Brown box with hinged lid. Diamond-shaped lock on front. Dovetail construction on sides. Painted Masonic decoration on top, front and sides. Top has a brown sawtooth border with red corner squares. An all-seeing eye (blue) is painted in the center with blue clouds and gold glory rays. Above the symbol are seven red five-point stars. A gold column stands at each side of the eye; both columns are topped with blue globes. The front shows a checkered pavement in the center, flanked by a gold sun and a gold moon with eight gold stars. Both the sun and the moon have facial features. One side shows blue clouds with gold glory rays. Painted on top of the clouds is a dark-colored square and compass symbol. Painted on the other side is a blue cloud with gold glory rays. On top of the cloud is a gold triangle or delta with a red G in the center.
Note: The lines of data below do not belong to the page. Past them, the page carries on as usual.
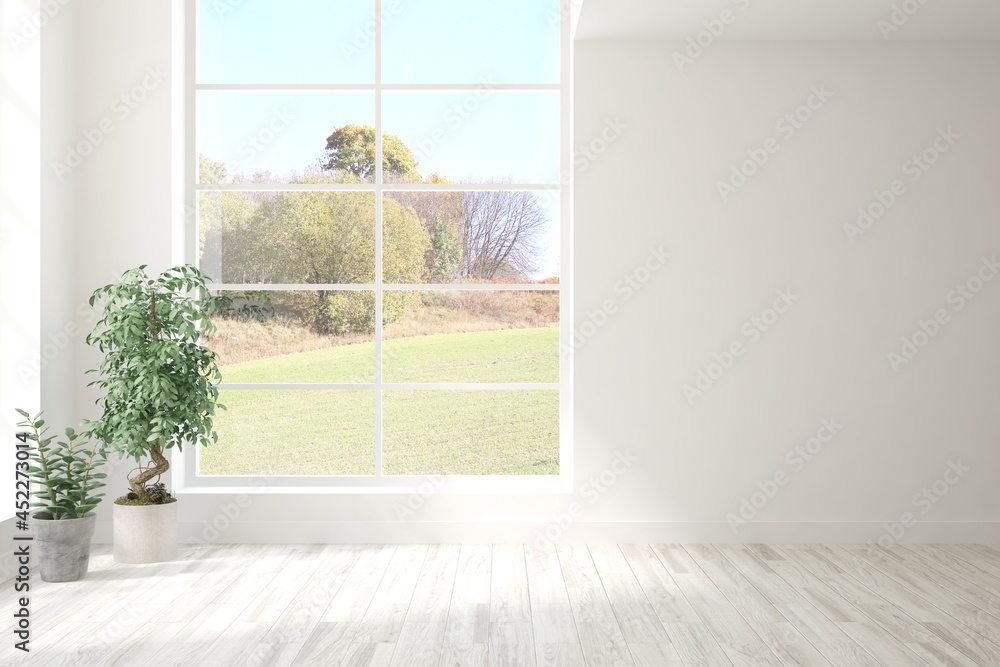 Stylish empty room in white color with autumn landscape in window. Scandinavian interior design. 3D 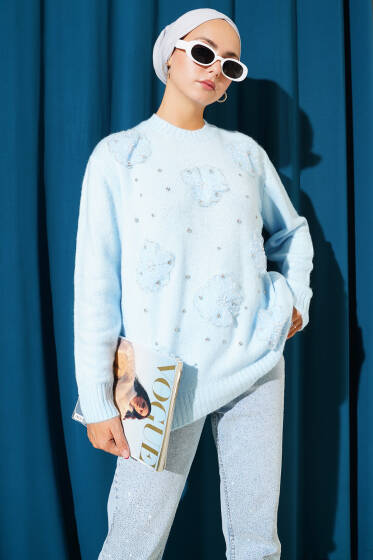 Tül Çiçekli Taşlı Triko Tunik Mavi - Tunik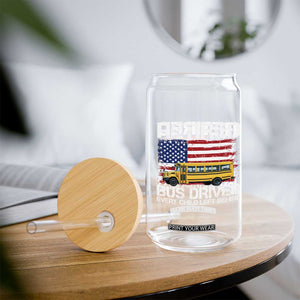 Retired School Bus Driver Glass Can Patriotic USA American Flag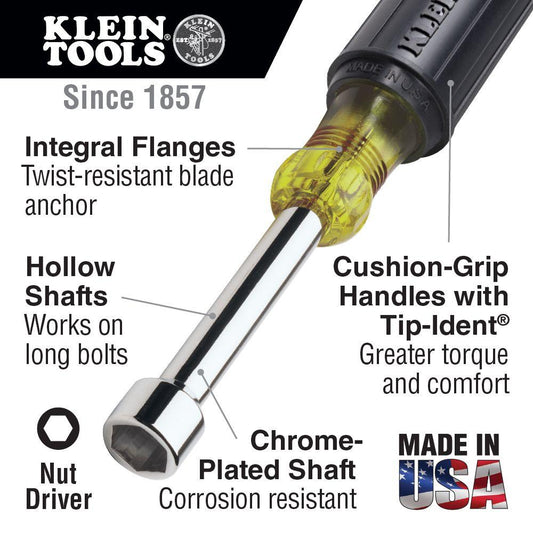 Klein Tools 630-4MM 4Mm Nut Driver, 3-Inch Hollow Shaft, Cushion Grip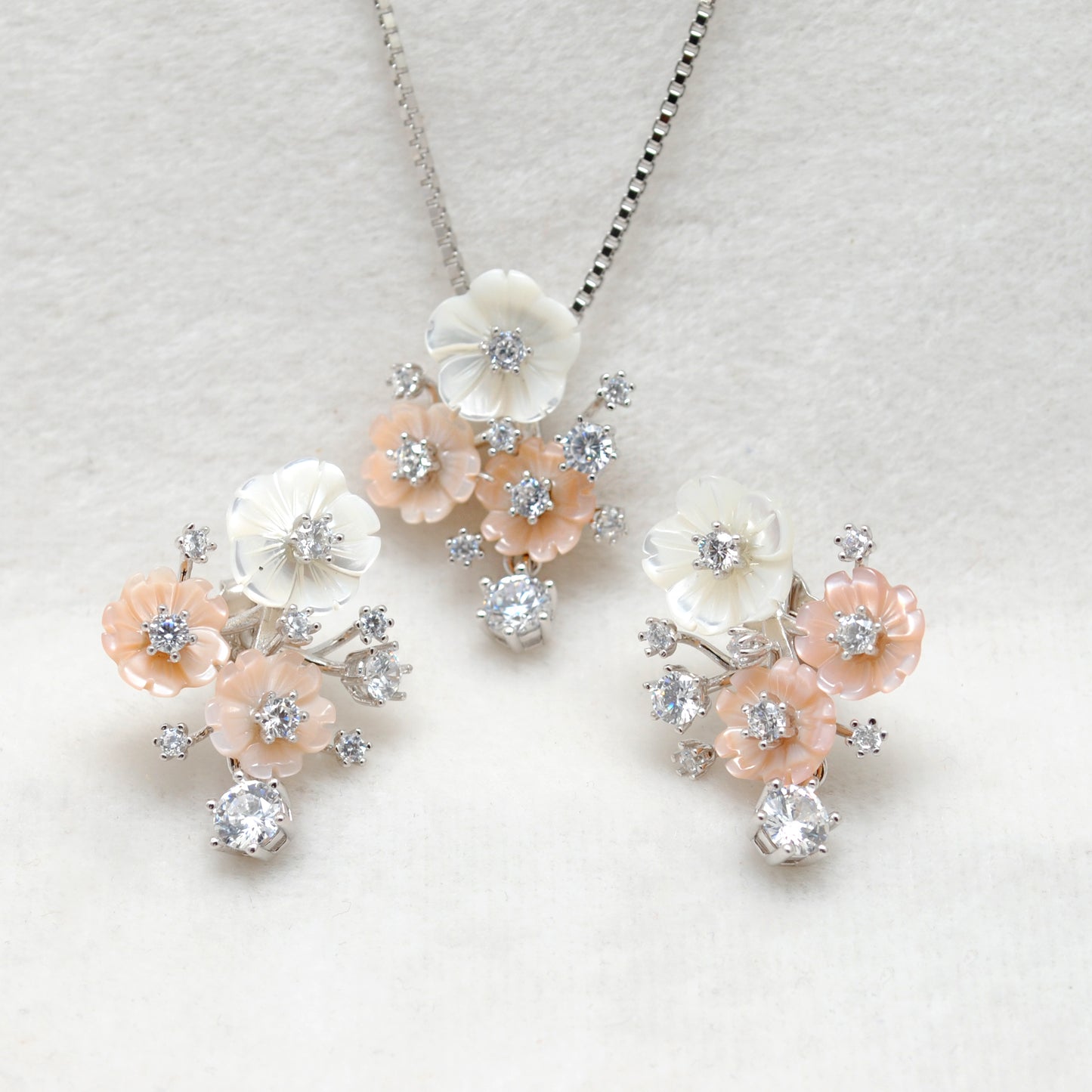 Bold Floral Enamel CZ Necklace & Earrings Set – 925 Sterling Silver, 17+2 Inch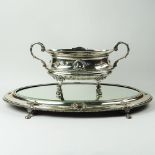 19/20th C Portuguese Silver Tureen Centerpiece on Mirrored Plateau. The open tureen with handles and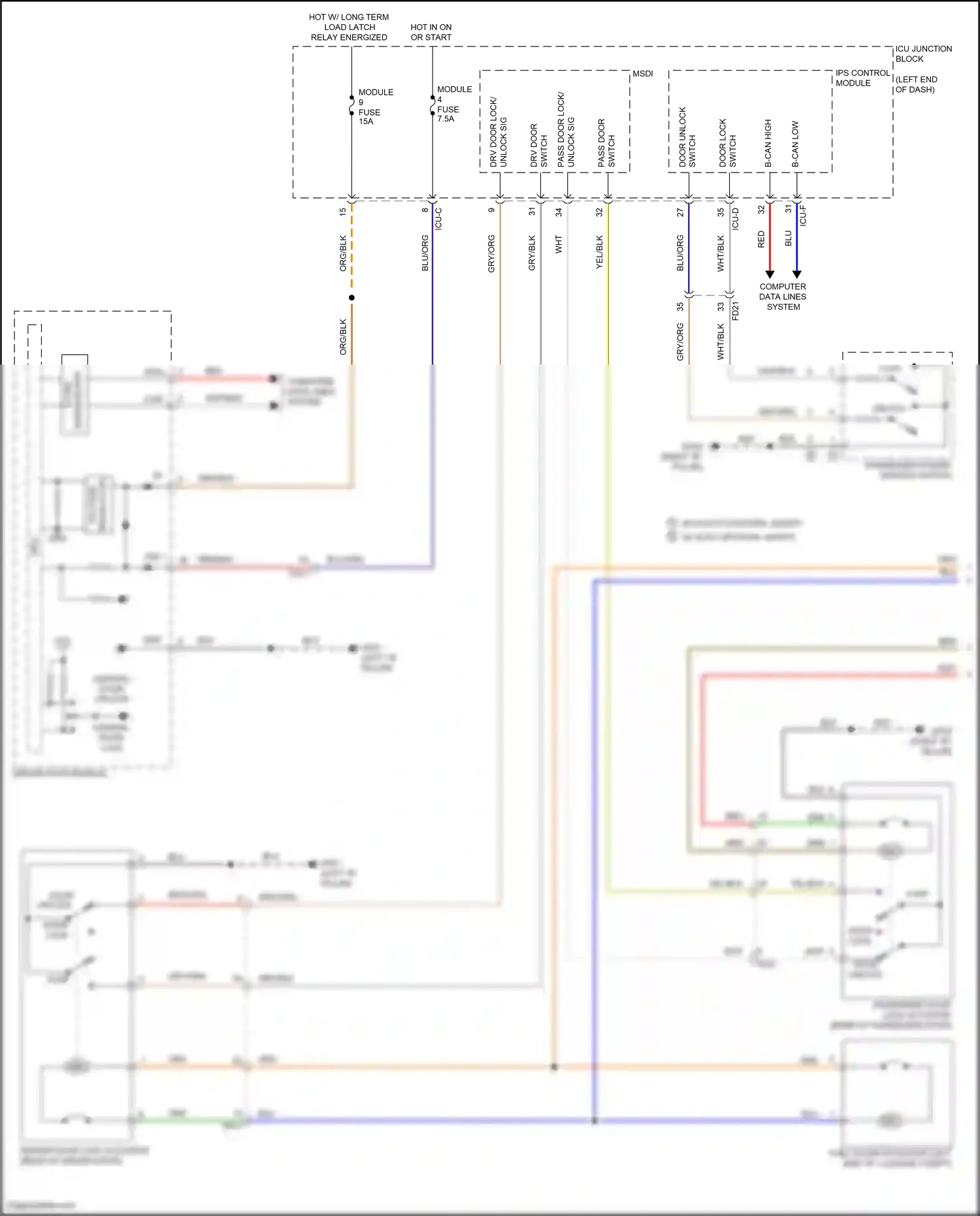 Wiring diagram computer data lines system for Hyundai Santa Fe IV (2018-2021) (8 of 74)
Pasted inside, on the lid, is a white paper label with black handwriting, "Nathan Negus - His Box / The Columbia Lodge, Boston." There are additional pencil markings on the inside of the lid (presumably later).

Nathan Negus, who is thought to have decorated this box with Masonic symbols, was born in Petersham, MA, in 1801. At age 13 (in 1814), he went to Boston to study with artist Ethan Allen Greenwood. Later that year, he began an apprenticeship with Boston painter John Ritto Penniman (1782-1841). A member of St. John’s Lodge in Boston, Penniman painted aprons and other Masonic objects—with his apprentices’ help. As a young man, Negus, possibly following Penniman’s example, joined the fraternity. Writing home he noted of his membership, “I am a member of a society who will never see me Suffer….” During his time with Penniman, Negus decorated fire buckets, signs, banners, and Masonic aprons. He ended his apprenticeship in 1820 and traveled as an itinerant painter with his brother, Joseph, from 1821 to 1822. He then traveled and worked on his own until he became sick in 1825. Negus returned to Petersham in 1825, dying there in July of that year.